You may or may not know that I accidentally signed myself up for the NYC marathon this fall. I put my name in the lottery without even telling Jay, thinking it would be pretty funny if I got in and surprised him later on. Well I did get in, and we were both surprised. After recovering from the initial shock, I got pretty excited about a) running such an epic race, and b) running it for a cause. It took 0.03 seconds to think of a cause–colon cancer–the disease that killed one of my dearest friends in March. I’ve already raised almost $2k of my $5k goal for the “Get Your Rear In Gear” organization, honoring my friend Aimee and her family that I love so. More on that here.
It just so happens that Get Your Rear In Gear had a 4-mile race in Prospect Park this weekend. A few weeks back we hatched a plan with our friends/teammates Josh and Tanya to run said race in our underwear. In other cities there are races where all participants run in their underwear to raise awareness of colon cancer and to promote the more open communication about… poop.

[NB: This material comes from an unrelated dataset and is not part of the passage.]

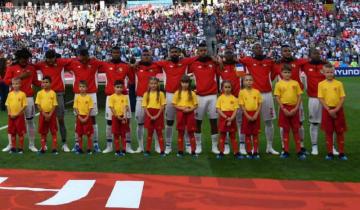 Imagen de Las lágrimas de un presentador panameño al escuchar por 1ª vez su himno en el Mundial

Colon cancer is finding younger victims all the time. Since screening doesn’t usually take place until age 50, everyone needs to talk to the doctors about their bowels early and often.
And so we ran in colorful men’s briefs. It took more courage than I anticipated, but no one even flinched at our get-up. It is Brooklyn after all.
My goal pace for this race was 8:10-8:15. Jay, Josh and Tanya all ran with me despite their far superior speed abilities. Considering Jay’s IT band injury, I was grateful he could run at all. They let me set the pace and I went out too fast. Josh told me I was running 7:34 so we dialed it back. The second mile was the hardest with a big hill in the middle. Maybe the hill wasn’t too big, but it felt big after training on the flats of the West Side Highway. At the end of mile three, I was pretty much spent. Jay said, “One more mile. The purpose of this workout is to have nothing left when you cross the finish.” I told him I already had nothing left. He responded, “Make this last mile 8:05 or faster.” When I told him that wouldn’t be happening, he said I had to believe I could do it, at which point I said, “I love you, but I need you to shut up.” He did shut up, but he also 2-stepped me the rest of the way, resulting in a 7:48 last mile. I finished the race in 32:11 averaging 8:03 pace. My comrades’ efforts had carried me farther than I thought I could go. We were all pretty pumped.
There were several cool things about this race. 1) It’s great to know that my training (and Jay’s coaching) is paying off. I want to be in shape enough for the marathon to enjoy it. 2) To see so many people passionate about ending colon cancer was truly awesome. I had to fight back tears as one woman shared her story about losing her sister at age 33. Several times in the race when Tanya could tell I was losing steam, she’d say, “Remember your friend Aimee.” Jay and I both wore “Running in memory of Aimee” bibs on our backs. I miss her. 3) At some point during all of this I turned to Jay and said, “We have arrived.” To have friends in NYC who are willing to run in underwear and support me in this cause is a BIG deal to us both.
While we were quick to change out of our runderwear after the race, we did decide to hang on to our bright briefs just in case. You never know when you might need to run in skivvies. We’ll be ready.